Goal: final review of the optimization schemes. We now move on implementation (toward ISMIR paper) and will come back to optimization later.

### Achieved

- Review of the proposed optimization scheme by Xavier which uses primal-dual (Chambolle-Pock) [5] for the three convex minimizations.
- Complete
*batch training* optimization scheme:
- \(\min_D\) : FISTA [3].
- \(\min_Z\) : FISTA with adaptive restart [4].
- \(\min_E\) : A forward-backward based primal-dual formulation which exploits the gradient (unlike Chambolle-Pock). It is a generalization of Chambolle-Pock and ISTA [2]. Unlike these two, the method is however not accelerated. There exists variants for this purpose.

- Characteristics:
- No trick, the formulation fits each solver.
- Optimal convergence in \(O(1/k^2)\) for \(Z\) and \(D\).
- Linear convergence for \(Z\) after some iterations thanks to adaptive restart.
- All available gradients are exploited.
- Each minimization is distributable, i.e. the sub-problems are independent. The matrices only need to be reunified in the outer loop.
- Easy to add the \(tr(ZLZ^T)\) regularization. We would however loose the parallelization ability by definition of the problem (smooth gradient for each dimension of the sparse code).

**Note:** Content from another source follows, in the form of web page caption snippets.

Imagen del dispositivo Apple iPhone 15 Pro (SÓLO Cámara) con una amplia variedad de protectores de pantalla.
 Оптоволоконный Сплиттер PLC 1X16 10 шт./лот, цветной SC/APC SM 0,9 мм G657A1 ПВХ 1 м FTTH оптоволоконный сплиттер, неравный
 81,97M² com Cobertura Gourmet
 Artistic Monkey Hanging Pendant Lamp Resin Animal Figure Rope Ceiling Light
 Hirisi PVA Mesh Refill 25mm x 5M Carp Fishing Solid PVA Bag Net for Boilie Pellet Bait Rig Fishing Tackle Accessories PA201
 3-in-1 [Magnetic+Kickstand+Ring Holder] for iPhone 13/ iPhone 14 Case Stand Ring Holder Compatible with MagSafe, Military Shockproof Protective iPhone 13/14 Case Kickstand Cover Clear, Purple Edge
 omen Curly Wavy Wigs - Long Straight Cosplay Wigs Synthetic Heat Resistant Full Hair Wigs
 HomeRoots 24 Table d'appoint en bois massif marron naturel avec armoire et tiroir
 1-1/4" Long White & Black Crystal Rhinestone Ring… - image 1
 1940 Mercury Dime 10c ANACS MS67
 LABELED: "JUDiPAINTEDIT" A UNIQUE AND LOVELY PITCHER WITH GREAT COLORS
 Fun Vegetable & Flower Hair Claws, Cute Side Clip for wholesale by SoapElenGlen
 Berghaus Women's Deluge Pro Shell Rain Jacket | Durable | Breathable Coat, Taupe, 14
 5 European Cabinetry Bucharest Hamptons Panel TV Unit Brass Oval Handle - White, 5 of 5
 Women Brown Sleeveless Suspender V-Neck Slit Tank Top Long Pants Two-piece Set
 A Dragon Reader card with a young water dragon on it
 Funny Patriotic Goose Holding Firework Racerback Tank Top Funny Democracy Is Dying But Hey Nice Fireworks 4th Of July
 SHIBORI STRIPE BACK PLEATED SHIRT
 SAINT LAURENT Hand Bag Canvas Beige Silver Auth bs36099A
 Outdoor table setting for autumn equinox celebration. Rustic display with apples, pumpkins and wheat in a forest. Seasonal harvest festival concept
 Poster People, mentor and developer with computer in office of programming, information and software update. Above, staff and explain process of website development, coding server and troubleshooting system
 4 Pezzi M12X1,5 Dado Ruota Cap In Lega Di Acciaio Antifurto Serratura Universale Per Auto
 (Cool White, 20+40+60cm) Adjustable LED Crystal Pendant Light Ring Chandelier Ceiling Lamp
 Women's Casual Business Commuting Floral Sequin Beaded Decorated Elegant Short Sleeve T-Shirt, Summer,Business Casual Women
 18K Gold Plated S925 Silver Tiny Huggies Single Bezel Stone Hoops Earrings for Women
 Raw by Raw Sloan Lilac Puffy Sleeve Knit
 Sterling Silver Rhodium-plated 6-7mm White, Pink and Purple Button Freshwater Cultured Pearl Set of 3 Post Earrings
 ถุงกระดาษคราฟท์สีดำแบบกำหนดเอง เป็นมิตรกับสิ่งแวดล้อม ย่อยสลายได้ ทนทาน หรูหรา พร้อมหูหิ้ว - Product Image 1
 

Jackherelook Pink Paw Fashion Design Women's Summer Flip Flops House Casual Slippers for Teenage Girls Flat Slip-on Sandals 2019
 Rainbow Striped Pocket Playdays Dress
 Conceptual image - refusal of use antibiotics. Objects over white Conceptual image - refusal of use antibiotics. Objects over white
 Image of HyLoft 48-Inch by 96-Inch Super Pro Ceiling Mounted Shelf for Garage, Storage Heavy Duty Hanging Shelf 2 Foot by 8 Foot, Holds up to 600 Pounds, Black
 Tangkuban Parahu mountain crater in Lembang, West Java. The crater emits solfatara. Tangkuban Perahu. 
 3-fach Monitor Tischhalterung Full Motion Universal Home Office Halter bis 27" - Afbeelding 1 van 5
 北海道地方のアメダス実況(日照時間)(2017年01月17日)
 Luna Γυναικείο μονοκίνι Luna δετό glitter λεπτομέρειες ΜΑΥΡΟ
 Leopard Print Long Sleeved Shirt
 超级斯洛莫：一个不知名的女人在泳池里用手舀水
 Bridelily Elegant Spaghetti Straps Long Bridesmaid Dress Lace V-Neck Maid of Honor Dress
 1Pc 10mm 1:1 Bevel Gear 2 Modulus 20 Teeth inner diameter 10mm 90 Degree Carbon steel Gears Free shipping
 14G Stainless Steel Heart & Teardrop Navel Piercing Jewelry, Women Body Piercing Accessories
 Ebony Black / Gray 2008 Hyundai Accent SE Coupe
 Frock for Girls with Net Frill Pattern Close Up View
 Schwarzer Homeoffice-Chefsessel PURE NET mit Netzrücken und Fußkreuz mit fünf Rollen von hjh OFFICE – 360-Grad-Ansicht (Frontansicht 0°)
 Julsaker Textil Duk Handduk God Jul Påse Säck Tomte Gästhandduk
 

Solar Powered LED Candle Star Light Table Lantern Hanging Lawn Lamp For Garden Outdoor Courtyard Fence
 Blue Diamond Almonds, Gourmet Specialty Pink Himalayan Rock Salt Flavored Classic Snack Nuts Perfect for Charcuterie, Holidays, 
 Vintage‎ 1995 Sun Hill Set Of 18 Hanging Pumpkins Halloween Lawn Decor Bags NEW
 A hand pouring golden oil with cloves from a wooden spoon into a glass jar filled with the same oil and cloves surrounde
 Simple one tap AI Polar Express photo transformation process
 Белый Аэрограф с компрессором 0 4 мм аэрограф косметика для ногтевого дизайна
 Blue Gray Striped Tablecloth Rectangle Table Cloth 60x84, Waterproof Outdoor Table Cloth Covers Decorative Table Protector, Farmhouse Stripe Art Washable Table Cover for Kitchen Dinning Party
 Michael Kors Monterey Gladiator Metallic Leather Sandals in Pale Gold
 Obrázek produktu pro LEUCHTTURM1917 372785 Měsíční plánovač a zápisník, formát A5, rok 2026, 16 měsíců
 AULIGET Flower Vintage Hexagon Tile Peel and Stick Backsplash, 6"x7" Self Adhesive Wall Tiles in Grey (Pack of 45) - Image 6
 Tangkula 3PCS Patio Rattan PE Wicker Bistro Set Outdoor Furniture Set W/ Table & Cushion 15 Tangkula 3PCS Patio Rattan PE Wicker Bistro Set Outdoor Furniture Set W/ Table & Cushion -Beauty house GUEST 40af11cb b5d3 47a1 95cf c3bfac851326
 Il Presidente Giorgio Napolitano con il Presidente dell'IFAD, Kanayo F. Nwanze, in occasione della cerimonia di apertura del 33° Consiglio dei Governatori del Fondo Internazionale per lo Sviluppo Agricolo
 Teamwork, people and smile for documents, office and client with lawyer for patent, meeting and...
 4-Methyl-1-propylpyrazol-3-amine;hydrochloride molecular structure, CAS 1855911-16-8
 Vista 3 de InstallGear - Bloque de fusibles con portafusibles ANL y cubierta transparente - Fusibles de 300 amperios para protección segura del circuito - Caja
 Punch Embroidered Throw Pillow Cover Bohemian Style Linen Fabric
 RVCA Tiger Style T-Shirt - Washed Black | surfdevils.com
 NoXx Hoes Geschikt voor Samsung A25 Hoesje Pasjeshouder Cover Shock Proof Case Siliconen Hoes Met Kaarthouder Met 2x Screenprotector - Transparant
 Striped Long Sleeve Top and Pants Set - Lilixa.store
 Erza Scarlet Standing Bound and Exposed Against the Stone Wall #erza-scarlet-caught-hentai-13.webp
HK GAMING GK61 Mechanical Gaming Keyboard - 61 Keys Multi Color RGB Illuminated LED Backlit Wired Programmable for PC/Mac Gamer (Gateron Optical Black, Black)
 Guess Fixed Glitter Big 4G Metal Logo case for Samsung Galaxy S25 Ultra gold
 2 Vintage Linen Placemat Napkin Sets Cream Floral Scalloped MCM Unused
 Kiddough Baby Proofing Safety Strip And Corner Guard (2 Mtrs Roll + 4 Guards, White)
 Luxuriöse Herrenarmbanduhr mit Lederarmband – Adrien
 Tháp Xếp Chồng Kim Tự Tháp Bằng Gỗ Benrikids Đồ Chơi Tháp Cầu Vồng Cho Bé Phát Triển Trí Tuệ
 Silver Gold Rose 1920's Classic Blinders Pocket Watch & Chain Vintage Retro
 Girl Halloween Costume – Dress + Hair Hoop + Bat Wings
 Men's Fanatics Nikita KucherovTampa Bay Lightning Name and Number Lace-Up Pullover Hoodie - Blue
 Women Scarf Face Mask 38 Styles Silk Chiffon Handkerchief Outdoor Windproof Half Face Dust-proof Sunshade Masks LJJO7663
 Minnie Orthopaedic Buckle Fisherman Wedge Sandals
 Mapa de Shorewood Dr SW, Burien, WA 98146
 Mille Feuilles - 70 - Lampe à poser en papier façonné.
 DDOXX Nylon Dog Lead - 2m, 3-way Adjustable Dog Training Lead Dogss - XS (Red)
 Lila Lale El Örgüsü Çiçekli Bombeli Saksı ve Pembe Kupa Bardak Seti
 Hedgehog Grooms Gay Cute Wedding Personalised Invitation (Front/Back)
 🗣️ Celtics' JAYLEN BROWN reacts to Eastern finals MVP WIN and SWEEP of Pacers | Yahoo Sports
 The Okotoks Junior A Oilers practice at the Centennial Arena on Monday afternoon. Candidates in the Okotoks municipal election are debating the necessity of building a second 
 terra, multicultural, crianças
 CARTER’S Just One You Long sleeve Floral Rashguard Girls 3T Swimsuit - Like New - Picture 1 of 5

- The paper git repository is now on GitLab (was previously local).

### Discussion

- Why not set \(E = D^T\) ? See mathematically or with experiments if it is equivalent.
- Why constraints on rows of \(E\) ? It was a mistake by Xavier, they should be on columns.
- Discussion of my optimization scheme.
- How to clearly states rows and columns of matrices ?
- pyGSP status: can create KNN graphs and compute the graph Laplacian. There is some unit tests but it is preferable to compare with matlab.
- Literature reviews:
- Are other people working on clean optimization schemes for deep learning ?
- Optimization schemes for sparse coding. Does everybody use FISTA for Z ? What are they using for D ?

- Agenda:
- Auto-encoder prototype for images (easier to have some feelings).
- Setup: pre-processing and post-processing.
- Merge 1 and 2: results with genre recognition.
- Interpret results (classification accuracy, learned basis).
- Write paper (6+1 pages): abstract April 27th, deadline May 4th.

### Next week

- Start the implementation of a prototype in Python for images.
- Write down the graph definition.
- Prepare a new revision of the paper for review.
- Continue to read the amassed papers.

### Notes

- Another convex optimization algorithm by Nesterov [1].
- Nice discussion of duality with algorithms in [2].
- Other methods to investigate for \(\min_E\): SDMM (a parallel generalization of ADMM) [6], ppxa [7], generalized forward-backward [8]. Ils sont lents, mais pas de convergence optimale possible de toute manière. Autre solution: enlever \(||EX||_1\) (et résoudre avec FISTA), la contrainte (et résoudre avec Chambolle-Pock accéléré) ou les deux (et résoudre par inversion de matrice ou gradient descent). Convergence rapide dans tous les cas.
- Xavier: the Lipschitz constant is less important for Chambolle-Pock than it is for FISTA.

### References

[1] Nesterov, Y. (2007). Gradient methods for minimizing composite objective function.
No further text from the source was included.